> [Data excerpt]
========================

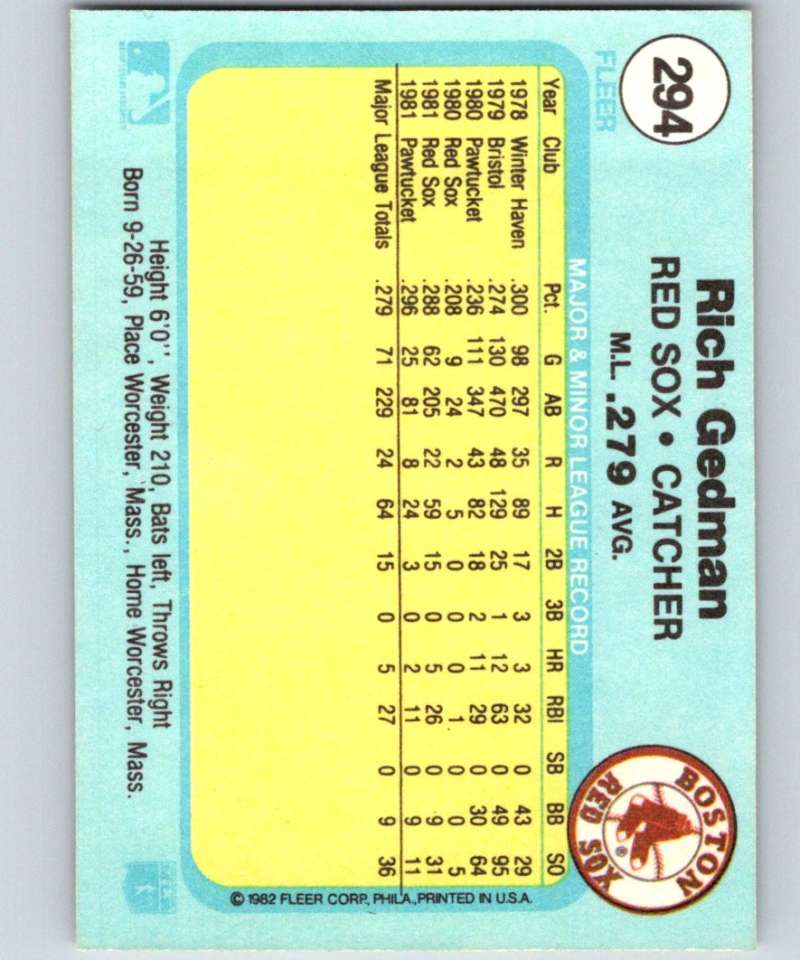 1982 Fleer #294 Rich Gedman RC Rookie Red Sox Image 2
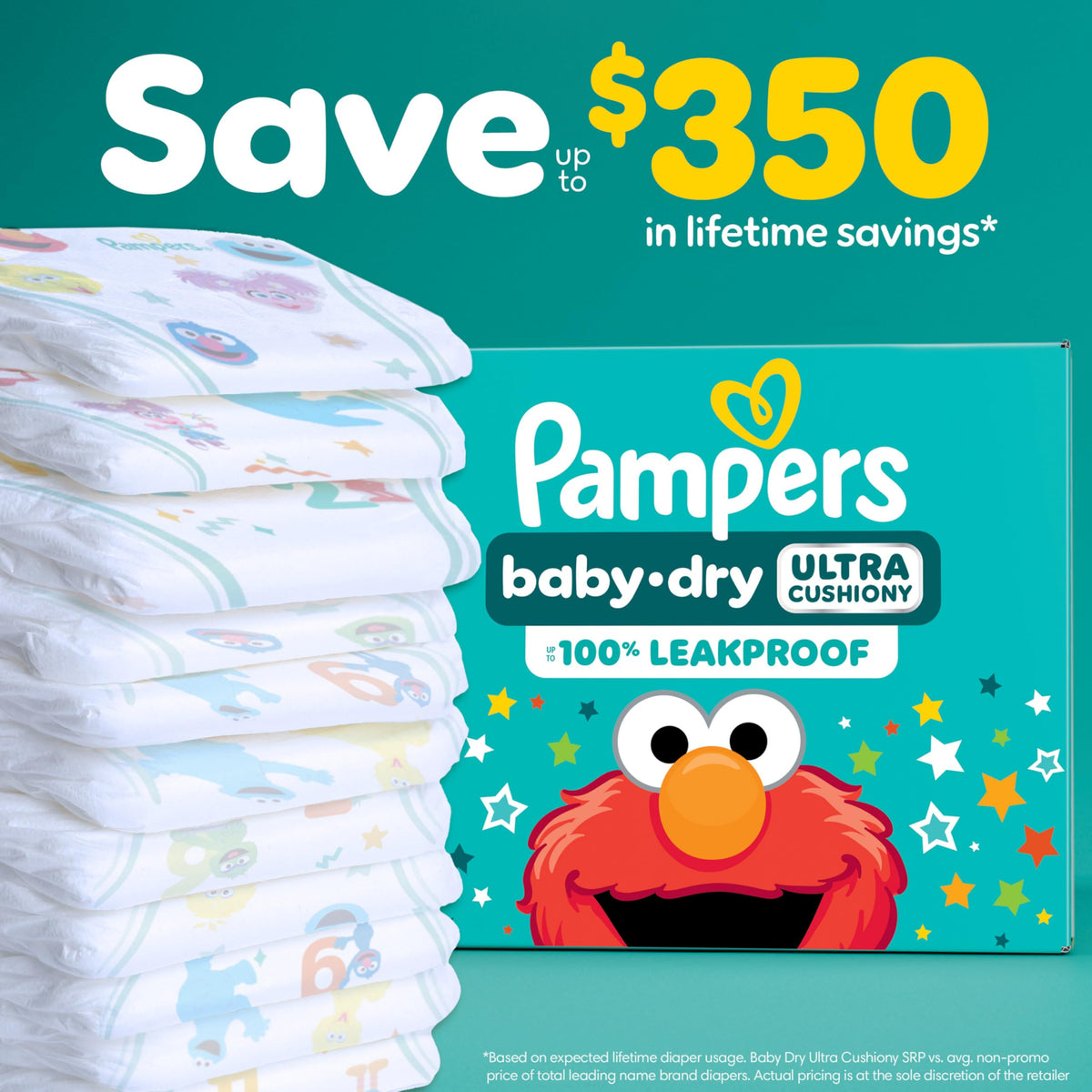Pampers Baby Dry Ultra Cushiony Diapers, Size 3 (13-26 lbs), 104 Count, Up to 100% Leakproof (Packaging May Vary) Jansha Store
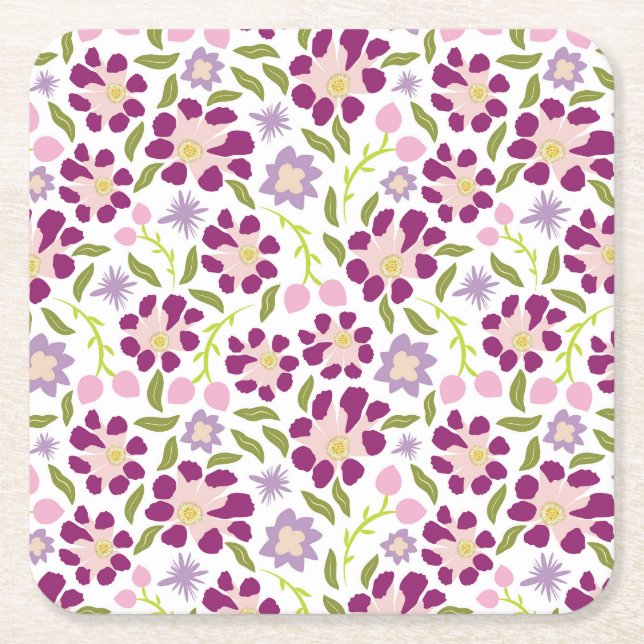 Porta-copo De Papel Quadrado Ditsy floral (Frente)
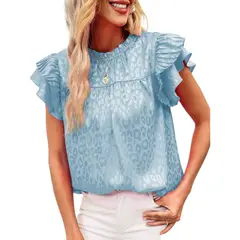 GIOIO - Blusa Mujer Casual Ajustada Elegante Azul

========================

> [What needs to be done] Write out verbatim the lines from the one containing "Porta-copo De Papel" through the last line of the listing above, and no other lines; omit pictures.

> [Worked solution]
 Porta-copo De Papel Quadrado Ditsy floral (Frente)
 GIOIO - Blusa Mujer Casual Ajustada Elegante Azul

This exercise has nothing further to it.